The Times story and Reid cited passages from Judge Brown's ruling, without noting the full context. The Times and Reid did not attempt to clarify that Judge Brown, in her decision favoring the HHS for-profit plaintiff, sought to adhere to legal criteria outlined in the Religious Freedom Restoration Act, passed by Congress and signed by President Bill Clinton. RFRA directs government to pass laws that do not unjustly burden the free exercise of religion unless there is a "compelling state interest." Once that "compelling state interest" has been established, RFRA directs the state must choose the least burdensome means of advancing that interest.
Judge Brown is one among a slew of federal judges to rule against the Obama administraiton's contracepiton mandate. And when these judges note the moral objections of the plaintiffs, they do so to highlight the burdens imposed on the free exercise of religion. The issue is not whether the judge shares these faith-based objections. If that were the case, then a Catholic judge might dismiss Jewish or Muslim religous objections to a particular law. The issue is whether a plaintiff, who adheres to a particular religious teaching, is forced to violate that deeply held belief, or -- as in the case of the contraception mandate-- pay passive fines that could cripple or close their business.
Ed Whelan, who blogs at Bench Memos for National Review, outlined Judge Brown's opinion in Gilardi v. U.S. Dep’t of Health and Human Services, and placed passages from her decision in proper context:
The primary opinion, by Judge Janice Rogers Brown, rules, first, that the closely-held companies that the Gilardis run do not have any rights under RFRA. Judge Brown determines that “secular corporations” do not have free-exercise rights. And although the line between secular and religious corporations might not be easy to draw (and does not turn on the for-profit/nonprofit distinction), the plaintiff companies conceded that they are religious corporations. (Slip op. at 7-15.)

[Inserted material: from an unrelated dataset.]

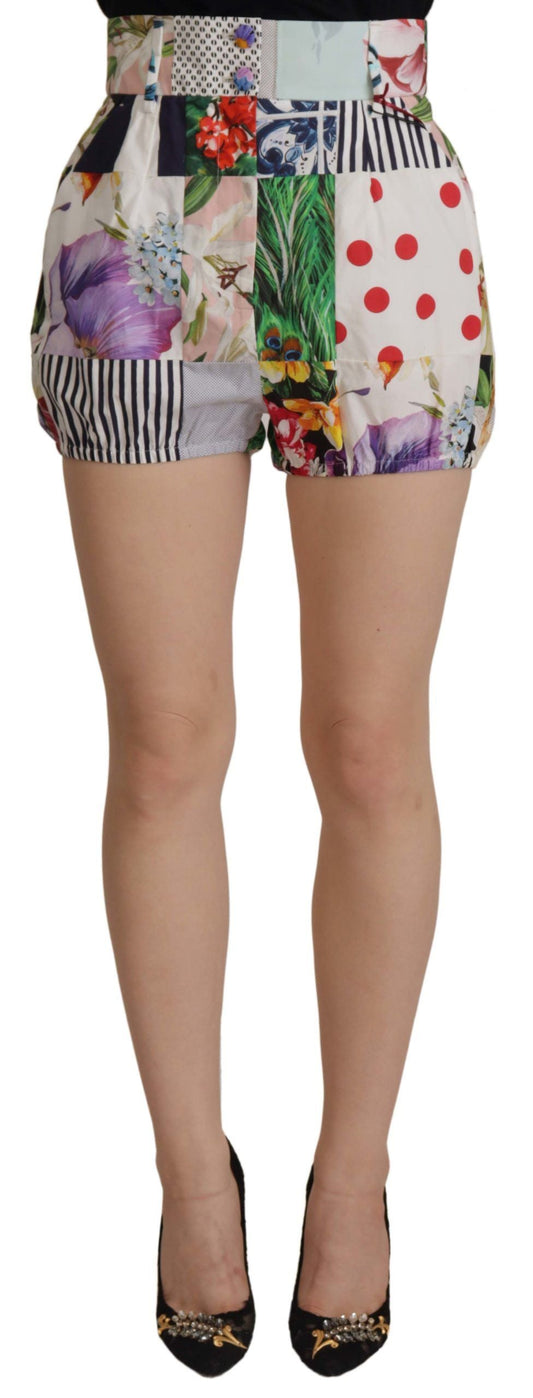 Dolce & Gabbana Multicolor Patchwork High Waist Cotton Women's Shorts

But, Brown rules, the Gilardis themselves have been injured by the HHS mandate in a way that is separate and distinct from the injury to their companies. (Slip op. at 15-17.) The HHS mandate burdens their exercise of religion by pressuring them to approve and endorse the inclusion of objectionable coverage in their companies’ health plans. “They can either abide by the sacred tenets of their faith, pay a penalty of over $14 million, and cripple the companies they have spent a lifetime building, or they become complicit in a grave moral wrong.” (Slip op. at 20; see generally pp. 17-23.) The government’s supposedly compelling interest is nebulous (slip op. at 23-28), and even if it were compelling, the HHS mandate is not the least restrictive means of furthering that interest (slip op. at 28-32.)
Sounds like a nuanced decision. But if you do an internet search, you'll find the blogspere alive with attacks on Judge Brown purported extremism. For many such commentators and activists, "reproductive rights" trump religious freedom. Period.

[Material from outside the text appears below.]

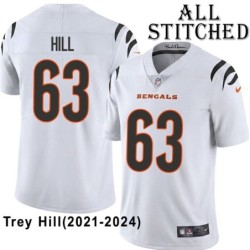 White Embroidered Trey Hill Cincinnati Bengals #63 Stitched Jersey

Single-issue politics fueled the recent decisions both to embrace the "nuclear option," and to back the HHS mandate, among other morally problematic services authorized under the Affordable Care Act, forcing the U.S. bishops to withhold their support for Obamacare. This point was made clear by Cardinal Timothy Dolan of New York, in a Dec. 1 television interview on NBC's Meet the Press.

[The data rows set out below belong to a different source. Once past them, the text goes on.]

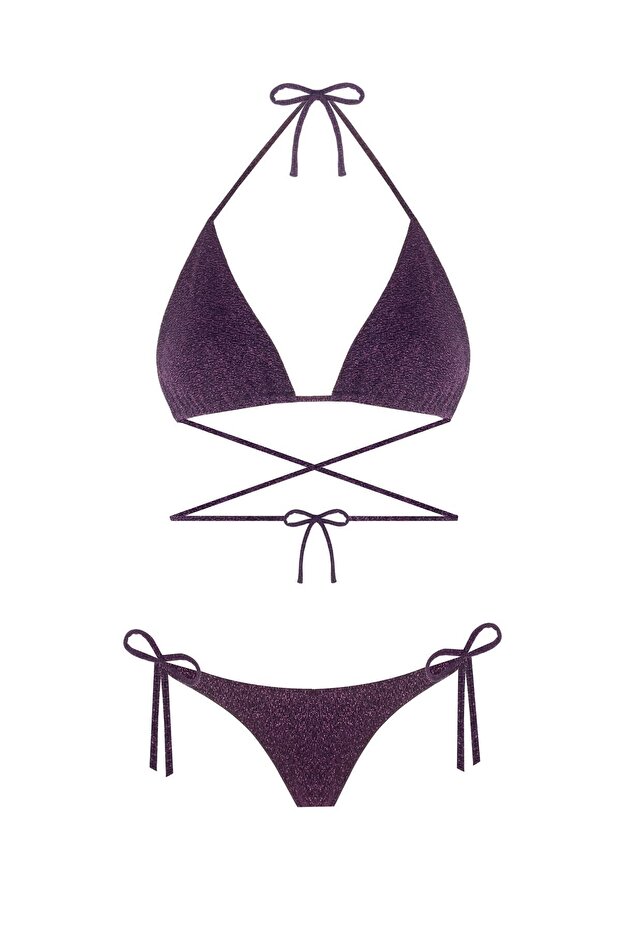 Triangle Sparkle Purple Bikini - 1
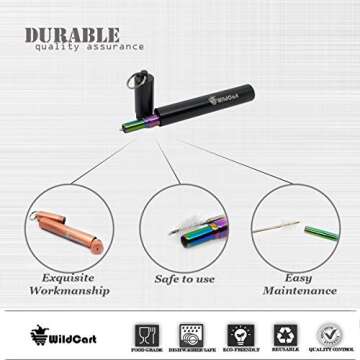 WildCart | Collapsible Rainbow Straw With Case | Portable | Reusable | Telescopic | Stainless Steel | Eco Friendly
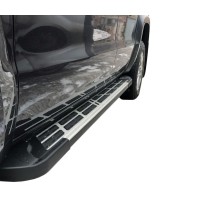 Бокові пороги Sunrise (2 шт., алюміній) для Volkswagen Amarok 2010-2021 рр.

Cardinal Dolan said that since 1919, the U.S. bishops have advocated for "afforable, universal healthcare." The bishops backed off after the Affordable Care Act excluded "undocumented immigrant and the unborn baby."
So that's when we began to worry and draw back and say, 'Mr. President, please, you're really kind of pushing aside some of your greatest supporters here. We want to be with you, we want to be strong. And if you keep doing this, we're not going to be able to be one of your cheerleaders....And that sadly is what happened.